# Why Does Uber Make More Per Your Trip Than You Do?



## Rich Brunelle (Jan 15, 2015)

At the current rates in most of the markets served in the US, Uber takes more of the trip money than you do. If you calculate your costs at $0.54 per mile, pay your Self Employment taxes, deduct Ubers "Booking" fee and their commission between $0.20 and $0.30 per mile, most of you will discover that you can even not make a penny on a trip while Uber still takes home a few dollars. Here's a worksheet that will do your calculations for you: Worksheet

Go ahead, check it out!


----------



## Another Uber Driver (May 27, 2015)

Stygge said:


> Uber is currently losing money.


To read what some drivers post on these boards, so are the drivers.


----------



## FAC (Mar 27, 2016)

But uber and Lyft are making bank on pool/line rides. The driver is paid for a single ride but U/L take the entire fare of the extra pax you pick up.


----------



## The Mollusk (Feb 13, 2016)

Stygge said:


> Fact is that uber doesn't make more than drivers. Uber is currently losing money.

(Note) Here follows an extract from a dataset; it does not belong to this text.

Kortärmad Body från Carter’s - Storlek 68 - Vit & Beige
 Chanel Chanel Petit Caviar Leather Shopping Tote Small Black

Ubers making money hand over fist. As a company , it's probably not profitable yet. Which is also a huge play on words. The executives probably draw massive salaries and are making tons and tons of money .


----------



## mnorton (Dec 8, 2015)

I don't know how it costs 80.00 to drive 150 miles. This spreadsheet is not right


----------



## renbutler (Jul 25, 2015)

Rich Brunelle said:


> If you calculate your costs at $0.54 per mile, pay your Self Employment taxes...


Then you deserve to lose money.

If your real-world costs are that high, you're driving the wrong vehicle.


----------



## WestSubDriver (Jul 1, 2016)

I guess if you are driving full-time and have a car fully dedicated to Uber/Lyft then this might be your cost. But the vast majority of us are doing this in our spare time with a personal car and driving 10-15 hrs/wk. The cost is really just the marginal miles/cost of operating that car. I found the attached article to be more enlightening. Might be a little too positive toward the Uber/Lyft model for my tastes but still points out a better way to approach the cost analysis. The 2016 AAA Driving Report quoted in the article (link in the article) seems pretty useful.

https://fee.org/articles/do-uber-drivers-lose-money/

I figured out pretty quickly that it made no sense to drive for Uber's base rates. So, if no incentives like hourly guaranteed fares then I'm not on the road.


----------



## Greguzzi (Jan 9, 2016)

renbutler said:


> Then you deserve to lose money.
> 
> If your real-world costs are that high, you're driving the wrong vehicle.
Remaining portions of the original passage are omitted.